Выбрать главу

Такая полевая работа оказывалась для солдат утомительной. Но зато через несколько часов поле перед русскими позициями было чисто от зеленых зарослей: на земле лежали только сломанные стебли гаоляна. Становилось ясно и солдатам, и офицерам, что теперь японская пехота уже не сможет скрытно подобраться к их окопам, не сможет неожиданно, без криков «банзай!», подняться в атаку. Виленские стрелки понимали, что это была забота о их жизнях со стороны полкового командира.

Для постороннего человеческого глаза поля высоченного гаоляна на равнинах Маньчжурии казались бескрайними. Они стали настоящим бедствием для воюющих сторон, что признавали и русские, и японцы. Уже после войны, в 1910 году, Н.Н. Юденичу довелось прочитать один из трудов Военно-исторической комиссии Генерального штаба, посвященном Русско-японской войне. О гаоляне там говорилось следующее:

«Гаолян — однолетнее травянистое растение рода сорго семейства злаковых. Гаолян в Маньчжурии был самым полезным, наиболее распространенным и крайне необходимым для населения.

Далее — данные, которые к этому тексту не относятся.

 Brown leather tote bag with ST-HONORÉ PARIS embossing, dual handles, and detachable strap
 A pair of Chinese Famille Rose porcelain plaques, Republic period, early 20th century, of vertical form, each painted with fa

Зерна этого растения, разваренные в воде, служили беднейшим жителям почти единственной пищей, кроме того, они шли на выделку «ханшина» или местной водки. Листья гаоляна служили кормом для скота, стебель — материалом для топлива, для устройства изгородей, крыш, потолков.

При этом гаолян был неприхотлив, рос на всякой почве, требовал очень мало удобрения и давал громадные урожаи.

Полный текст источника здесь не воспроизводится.